Collected data entries:
= Beginning of Section =

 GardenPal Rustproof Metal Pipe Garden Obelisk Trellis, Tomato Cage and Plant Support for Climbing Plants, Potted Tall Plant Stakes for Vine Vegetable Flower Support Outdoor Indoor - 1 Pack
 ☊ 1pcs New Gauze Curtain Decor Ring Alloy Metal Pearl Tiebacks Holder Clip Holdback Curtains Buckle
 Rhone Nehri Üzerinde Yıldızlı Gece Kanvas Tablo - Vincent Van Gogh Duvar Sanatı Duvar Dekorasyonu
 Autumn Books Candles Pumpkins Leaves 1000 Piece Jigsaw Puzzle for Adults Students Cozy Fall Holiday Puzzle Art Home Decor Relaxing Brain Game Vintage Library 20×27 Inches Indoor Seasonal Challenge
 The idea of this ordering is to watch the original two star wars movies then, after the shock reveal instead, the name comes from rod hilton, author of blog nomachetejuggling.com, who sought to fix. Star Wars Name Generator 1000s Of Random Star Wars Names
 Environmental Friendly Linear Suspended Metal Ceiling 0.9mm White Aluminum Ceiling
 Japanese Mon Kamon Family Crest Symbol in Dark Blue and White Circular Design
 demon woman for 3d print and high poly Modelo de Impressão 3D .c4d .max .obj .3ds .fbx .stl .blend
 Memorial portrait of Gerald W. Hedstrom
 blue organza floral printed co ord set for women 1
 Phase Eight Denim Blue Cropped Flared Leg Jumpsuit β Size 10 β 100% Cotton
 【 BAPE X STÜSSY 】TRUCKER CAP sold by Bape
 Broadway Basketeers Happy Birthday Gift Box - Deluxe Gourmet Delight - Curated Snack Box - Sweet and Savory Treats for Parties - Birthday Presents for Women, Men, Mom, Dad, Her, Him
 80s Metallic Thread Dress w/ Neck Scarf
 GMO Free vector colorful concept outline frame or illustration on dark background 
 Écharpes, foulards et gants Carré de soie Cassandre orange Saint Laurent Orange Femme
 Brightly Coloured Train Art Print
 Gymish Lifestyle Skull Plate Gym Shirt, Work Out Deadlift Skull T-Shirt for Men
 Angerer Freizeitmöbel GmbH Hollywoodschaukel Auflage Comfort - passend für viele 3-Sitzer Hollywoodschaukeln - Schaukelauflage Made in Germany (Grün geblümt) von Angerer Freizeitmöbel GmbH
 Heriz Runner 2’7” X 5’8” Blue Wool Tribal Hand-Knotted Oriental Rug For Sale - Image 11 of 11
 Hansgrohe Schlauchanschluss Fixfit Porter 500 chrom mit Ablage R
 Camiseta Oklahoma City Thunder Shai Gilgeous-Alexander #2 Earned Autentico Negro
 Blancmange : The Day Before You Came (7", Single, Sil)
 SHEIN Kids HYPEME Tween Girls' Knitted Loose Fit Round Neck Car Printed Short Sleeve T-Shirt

= End of Section =

What to produce: Your task is to restate, word for word, each line from the one that includes "Blancmange : The" to the end of the records, with both ends included and nothing else.

Task output:
 Blancmange : The Day Before You Came (7", Single, Sil)
 SHEIN Kids HYPEME Tween Girls' Knitted Loose Fit Round Neck Car Printed Short Sleeve T-Shirt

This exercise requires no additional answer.